Either way, we all get along pretty well on the river.

Peace,
Ken


----------



## WhiteLightning (Apr 21, 2004)

What's a FIB?


----------



## tellutwurp (Jul 8, 2005)

Illinois is the middle word, I imagine you can figure out the rest.


----------



## COUNT (Jul 5, 2005)

> When I lived in Northern New Mexico we didn't like the Texans


I didn't think anybody liked Texans!?

COUNT


----------



## COUNT (Jul 5, 2005)

Double Post.


----------



## caverdan (Aug 27, 2004)

I've always thought of this issue as an age thing. :shock: Older boaters could care less what part of the state your from, cuss all's good when your on the river. I'll agree that only Texans like Texans. :lol:


----------



## Andy H. (Oct 13, 2003)

I agree with CaverDan. Its pretty seldom that us older folks give a crap about whether the person we're boating with is from the Front Range or them thar hills. After a while you realize that no matter where they're from, the spectrum ranges from real pricks to great folks. The key is to avoid the pricks and surround yourself with folks that have good attitudes.

Also, its not like the "city slickers" we meet here on the river are some kind of stereotypical Noo Joisey types. I've found that folks from the Northeastern concrete jungle I meet on the river, or slopes, are usually trying to get AWAY from that city slicker mentality. 

A person's attitude is what's most important. If you've got good attitude, it doesn't matter where you're from.

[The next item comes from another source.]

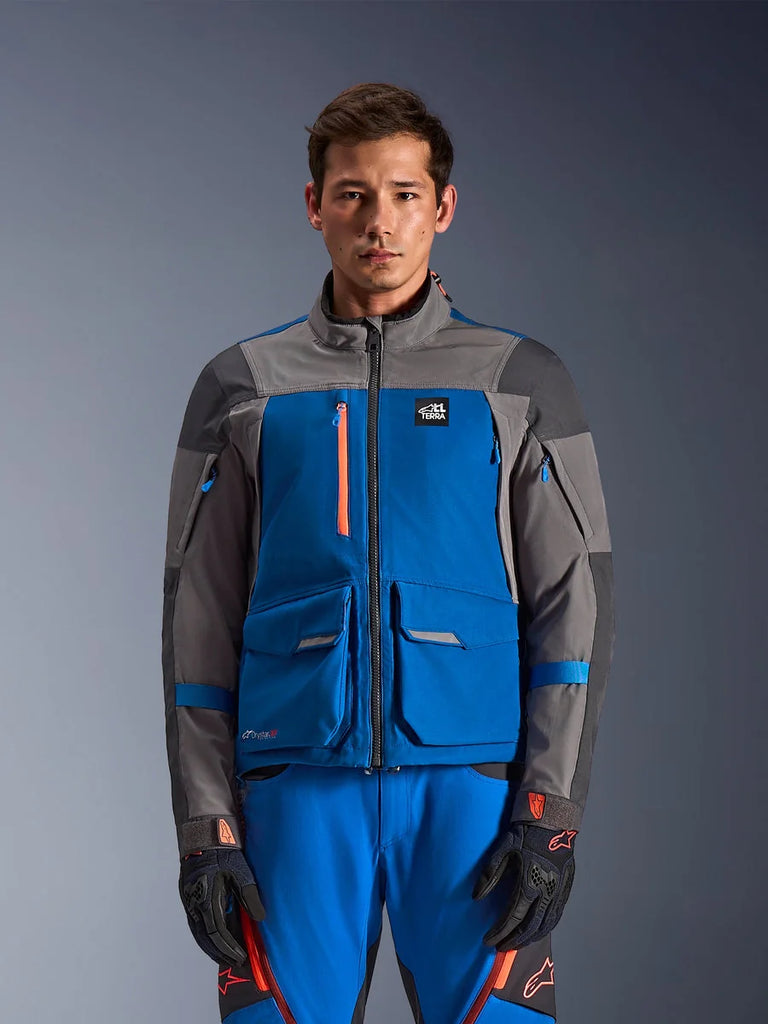 ALPINESTARS Maxdura Drystar®XF Laminated Armored Shell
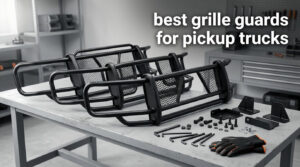 best grille guards for pickup trucks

...unless you're from Texas.  

SYOTR,

--Andy


----------



## mccann (Mar 3, 2004)

nobody has been called a "doosh-bag" in this thread yet. i live in washington now, so you are all doosh-bags to me, regardless of what side of the slope you are on, and ESPECIALLY if you are from the 505. if you get tired of all that tasty pow, bring your drysuit up this way, dooshbags.


----------



## ihateboulder (Sep 26, 2005)

The only people that suck are from Boulder. I am a recruiter for the military now located in Grand Junction, the people up here are so much cooler than those hippies in Boulder. If it were up to me, I would quit blowin' up Iraq and start bombing Granolaville!
Grease, Glock, Micro-twat


----------



## sj (Aug 13, 2004)

That was a quik transfer. Hey isn't Athens a lib area in the SE. If your gonna go to the fishing hole at least do so in a competent manner. Or take your Junior High shit and go back down to the Mall and hang out :twisted: . sj


----------



## Andy H. (Oct 13, 2003)

Hey ihateboulder - why do you have something you hate as your identity here? You seem to spend a lot of energy thinking about those stinkin hippies and getting yourself worked up....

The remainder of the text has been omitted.